▶ _WHAT TO DO_
Transcribe exactly, and only, the lines that fall between the line containing "F0V0088mfig. 173" and the last line of the material, both ends included, omitting any pictures.

DATA EXTRACTS Start Marker

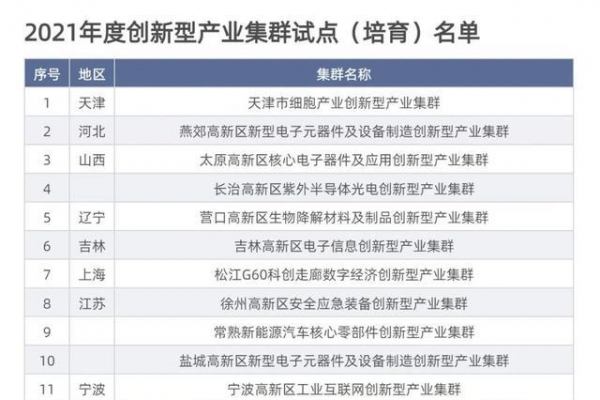 貴州一個(gè)產(chǎn)業(yè)集群入選國(guó)家創(chuàng)新型產(chǎn)業(yè)集群試點(diǎn)（培育）名單 ...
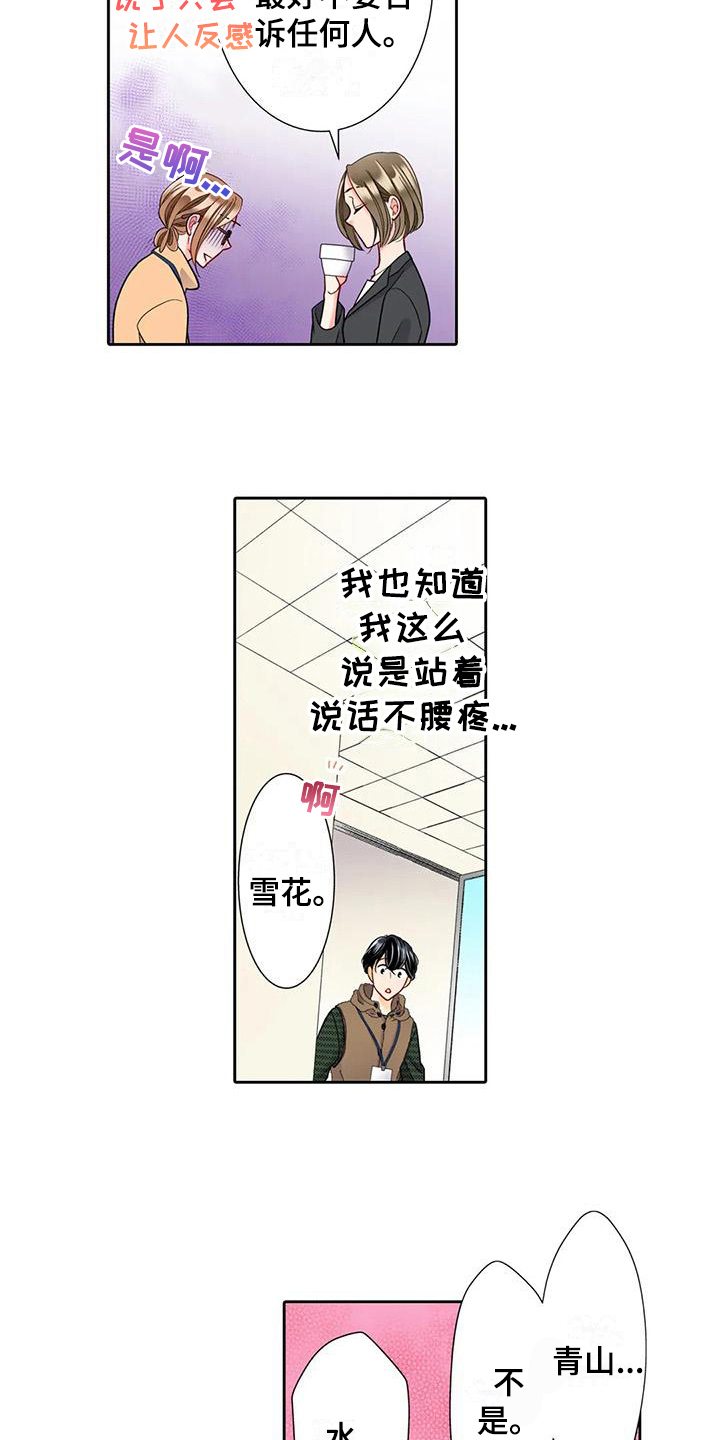 《野雪花之恋》漫画最新章节第15章：咨询免费下拉式在线观看章节第【5】张图片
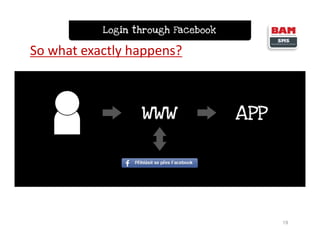 19
So what exactly happens?
 
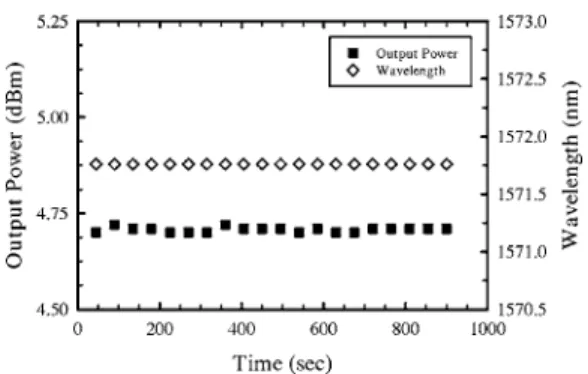 Fig. 4 The output power fluctuation for the proposed ring laser. The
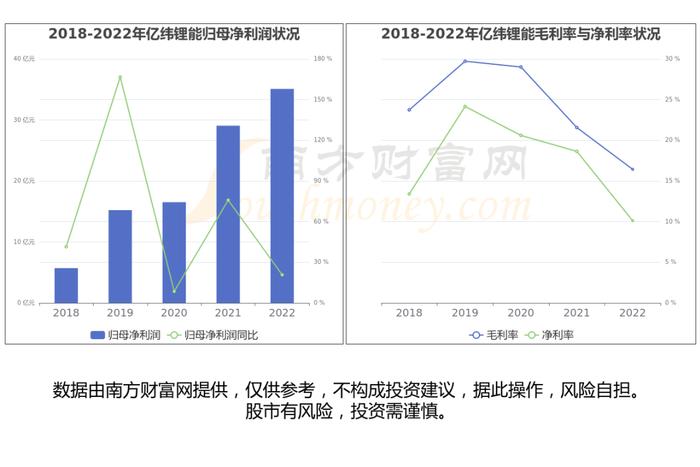 固态电池产业链硬核梳理，看好这6大受益的核心龙头股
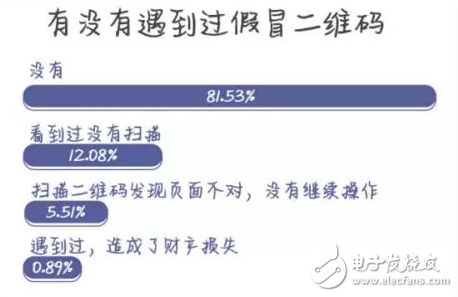膜拜單車回應輪胎自燃,共享單車安全隱患何其多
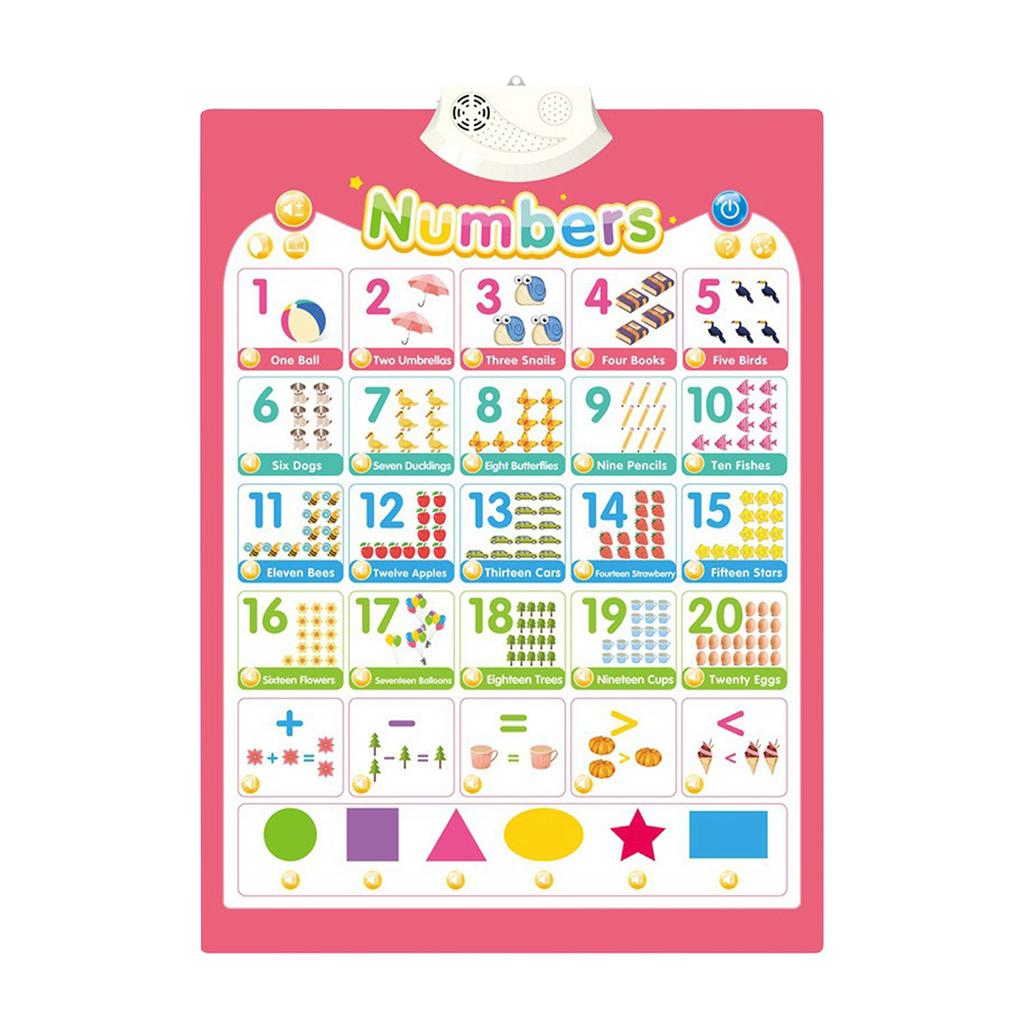 Модернизированный электронный алфавитный плакат, игрушки для малышей, интерактивные игрушки, настенная таблица алфавита, таблица ABC для малышей, обучающие игрушки для детей 1, 2, 3, 4 лет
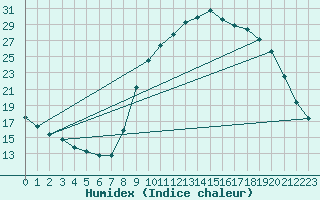 Courbe de l'humidex pour Herserange (54)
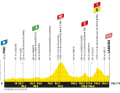 Stage 5: Pau - Laruns - 162.7 kilometres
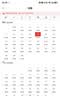 飞飞乐海航666 随心飞  随心飞机票 全年不限次飞行199元/次 11家航司任选  海航 plus会员 飞飞乐  权益 机票预订 海航PLUS会员权益卡-2666元档 实拍图
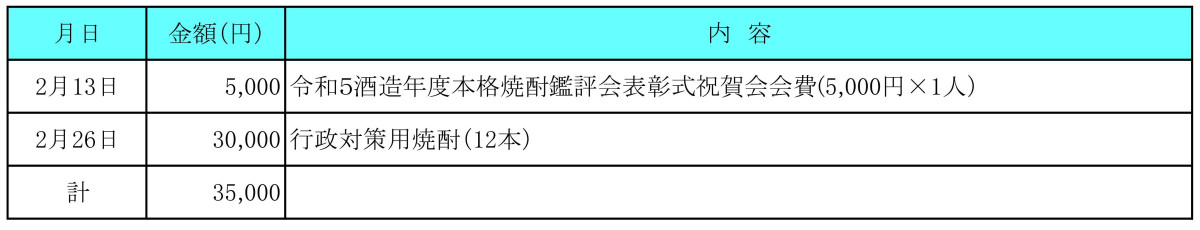 令和６年２月分　交際費執行状況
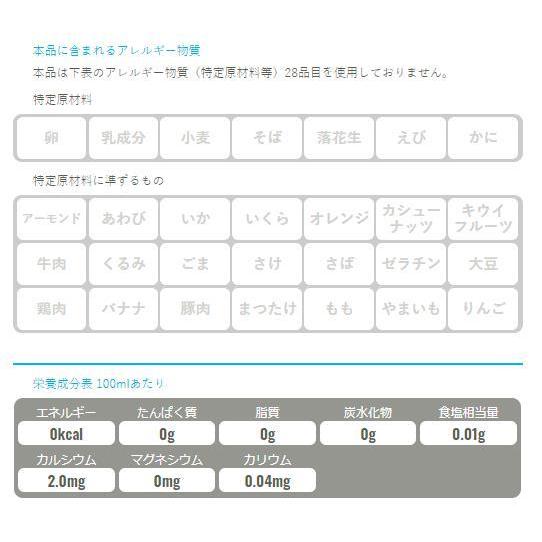 IZAMESHI イザメシ 7年保存水 2L 635-185 杉田エース (長期保存食/非常食/保存食/備蓄食/防災/防災用品/防災グッズ/備蓄防災食/水)｜kanamonja-net｜02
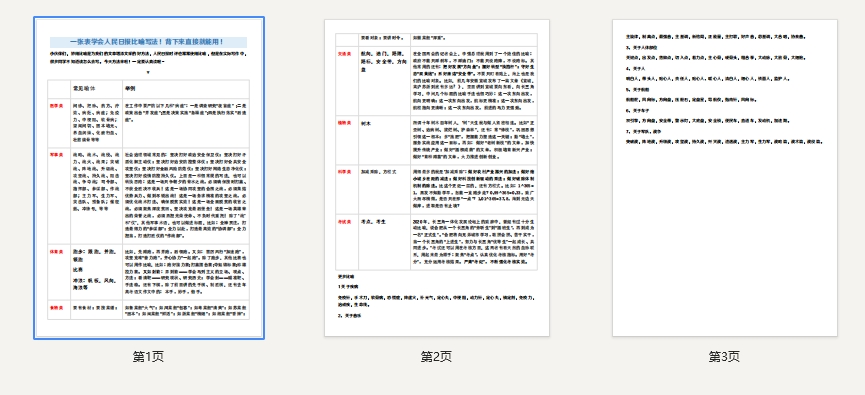 高考语文：一张表学会人民日报比喻写法
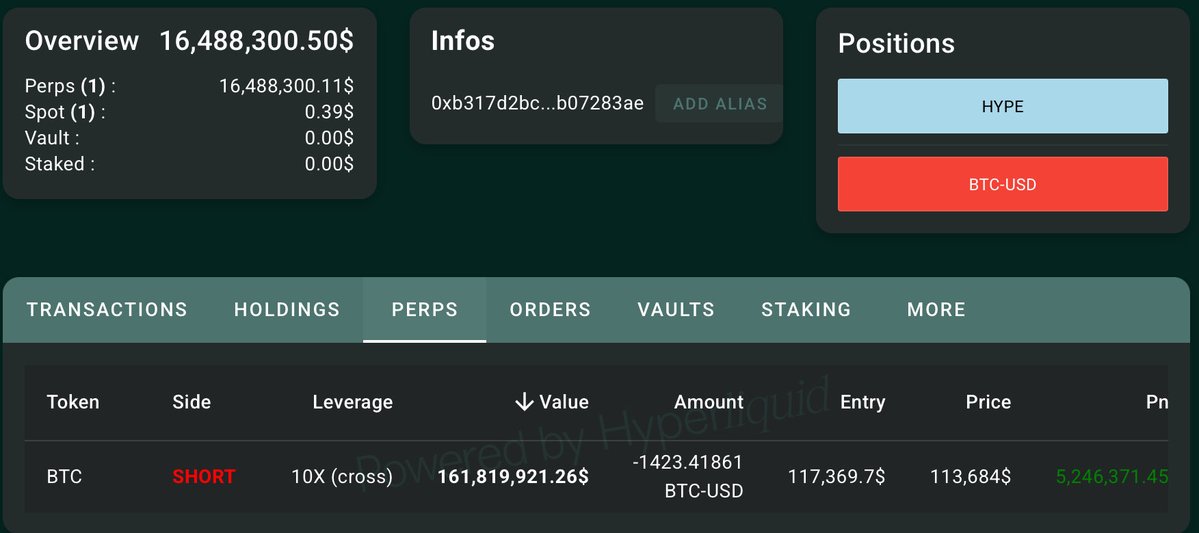 🚨Bitcoin Insider Alert🚨

Our insider whale just increased his 10x short position from $90M to a massive $162M😱

Something big is about to happen, stay sharp‼️

$BTC $MSTR $ETH
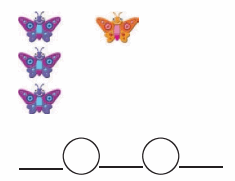 Go Math Grade 1 Answer Key Chapter 3 Addition Strategies 5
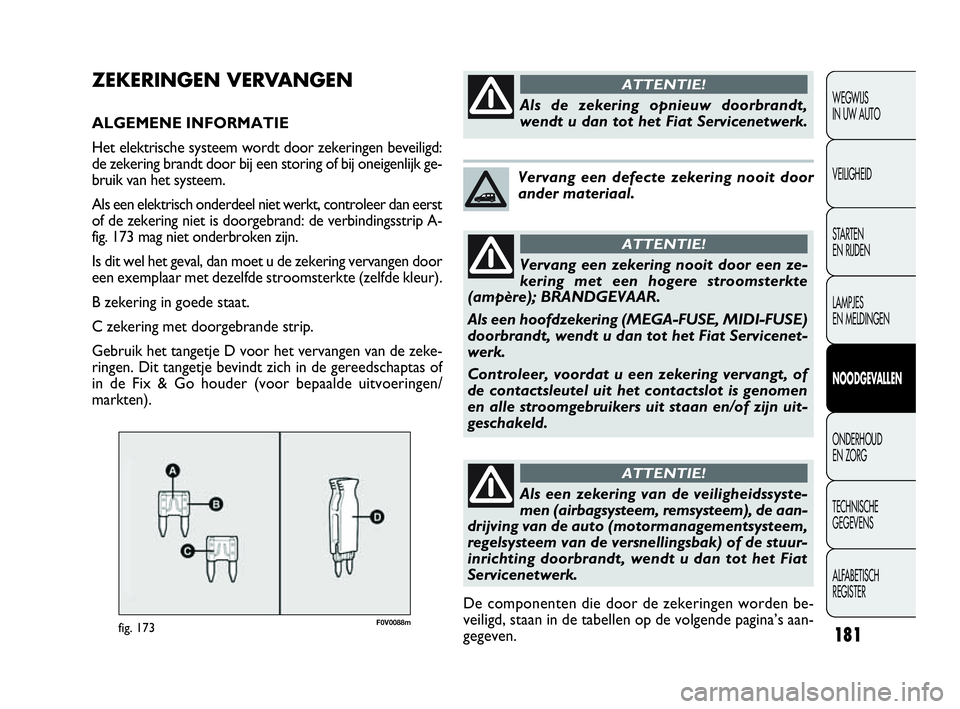 FIAT DOBLO COMBI 2009  Instructieboek (in Dutch) 181
F0V0088mfig. 173
ZEKERINGEN VERVANGEN
ALGEMENE INFORMATIE
Het elektrische systeem wordt door zekeringen beveiligd:
de zekering brandt door bij een storing of bij oneigenlijk ge-
bruik van het syst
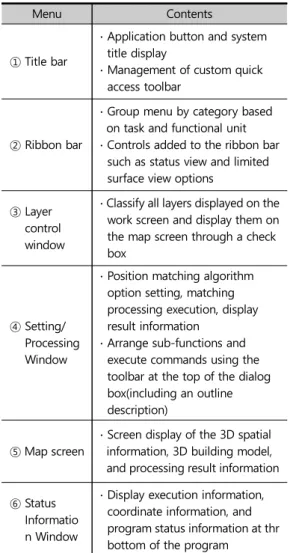 Table 2. Detail description for User Interface 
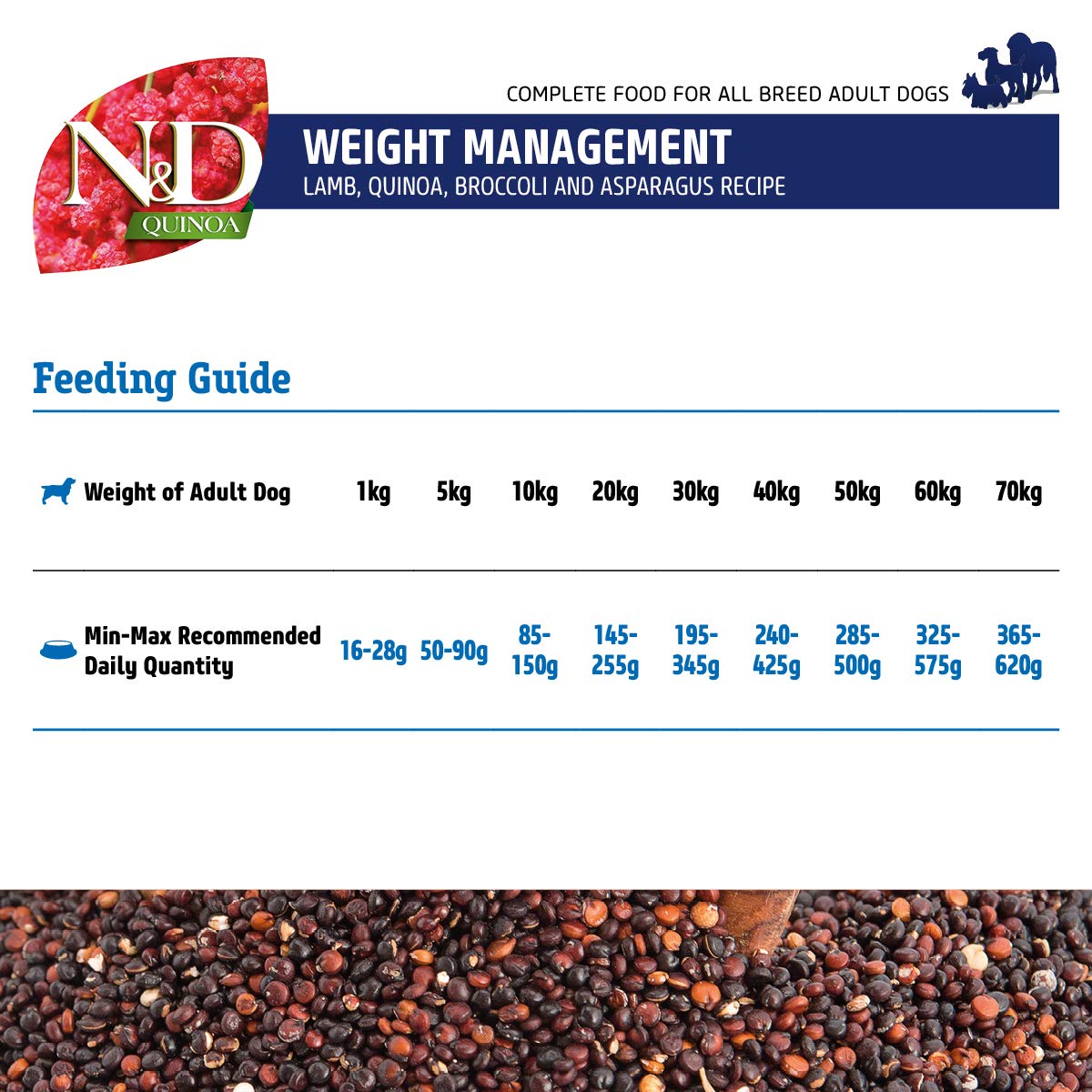 Farmina N&D Quinoa Weight Management agnello cibo secco 800 g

DATA EXTRACTS End Marker

▶ _SOLVED PROBLEM_
F0V0088mfig. 173
ZEKERINGEN VERVANGEN
ALGEMENE INFORMATIE
Het elektrische systeem wordt door zekeringen beveiligd:
de zekering brandt door bij een storing of bij oneigenlijk ge-
bruik van het syst
 Table 2. Detail description for User Interface 
 Farmina N&D Quinoa Weight Management agnello cibo secco 800 g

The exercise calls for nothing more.